Exercise is one effective way to counteract these effects, but what about the rest of our day? If we spend an hour, or even two, exercising vigorously each day, is that enough to counteract the effects of the 8-12 hours we may spend sitting down? It turns out that the answer is no. Of course, exercise is beneficial – regular exercise reduces the risk of heart disease, diabetes, and several cancers. However, prolonged sitting has been linked to increased risk of death regardless of the amount of exercise activity performed.
In addition to exercising daily, we also need to increase our non-exercise physical activity. Non-exercise physical activity, though its intensity is low, makes a significant contribution to our overall calorie expenditure. In fact, in people who do not exercise regularly, 90% of caloric expenditure is on standing, non-exercise movement.  We can increase non-exercise physical activity simply by taking frequent breaks from sitting. When we are sitting our muscles are idle, but once we stand up, there is measurable activity in the large muscles of our legs (graphically represented in Figure 3A here) – the body is physically active when we are standing.
In one study, participants wore accelerometers, devices that keep track of physical activity intensity, to track their total quantity and sedentary time and number of interruptions (breaks) in sedentary time. Prolonged sitting was associated with larger waist circumference and higher C-reactive protein (a marker of inflammation) levels. But interruptions in sedentary time made a difference – regardless of the amount of time spent sitting, a greater number of interruptions in sedentary time was associated with smaller waist circumference and lower C-reactive protein.[7, 8]

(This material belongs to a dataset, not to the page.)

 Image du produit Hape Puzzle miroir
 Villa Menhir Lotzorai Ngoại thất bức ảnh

Frequent but short bouts of non-exercise activity, like standing up from your desk to stretch, taking a quick walk around the office, standing up while taking a phone call, walking to a colleague’s office instead of sending an email, or taking the stairs instead of the elevator contribute to increasing the number of interruptions in our sedentary time.

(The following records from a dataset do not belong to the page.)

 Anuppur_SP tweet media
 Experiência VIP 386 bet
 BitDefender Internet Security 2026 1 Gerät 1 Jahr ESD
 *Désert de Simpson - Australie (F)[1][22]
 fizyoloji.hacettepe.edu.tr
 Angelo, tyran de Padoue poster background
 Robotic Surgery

Unfortunately, sedentary jobs are the norm, but we can use exercise and frequent breaks from sitting to help us counteract the unhealthy effects of our sedentary days.
1. van Uffelen, J.G., et al., Occupational sitting and health risks: a systematic review. Am J Prev Med, 2010. 39(4): p. 379-88.
2. Manson, J.E., et al., Walking compared with vigorous exercise for the prevention of cardiovascular events in women. The New England journal of medicine, 2002. 347(10): p. 716-25.
3. The Price of Inactivity. American Heart Association.
4. Hamburg, N.M., et al., Physical inactivity rapidly induces insulin resistance and microvascular dysfunction in healthy volunteers. Arteriosclerosis, thrombosis, and vascular biology, 2007. 27(12): p. 2650-6.
5. Patel, A.V., et al., Leisure time spent sitting in relation to total mortality in a prospective cohort of US adults. American Journal of Epidemiology, 2010. 172(4): p. 419-29.
6. Hamilton, M.T., D.G. Hamilton, and T.W. Zderic, Role of low energy expenditure and sitting in obesity, metabolic syndrome, type 2 diabetes, and cardiovascular disease. Diabetes, 2007. 56(11): p. 2655-67.
7. Healy, G.N., et al., Sedentary time and cardio-metabolic biomarkers in US adults: NHANES 2003-06. European heart journal, 2011.
8. European Society of Cardiology: More breaks from sitting are good for waistlines and hearts. ScienceDaily, 2011.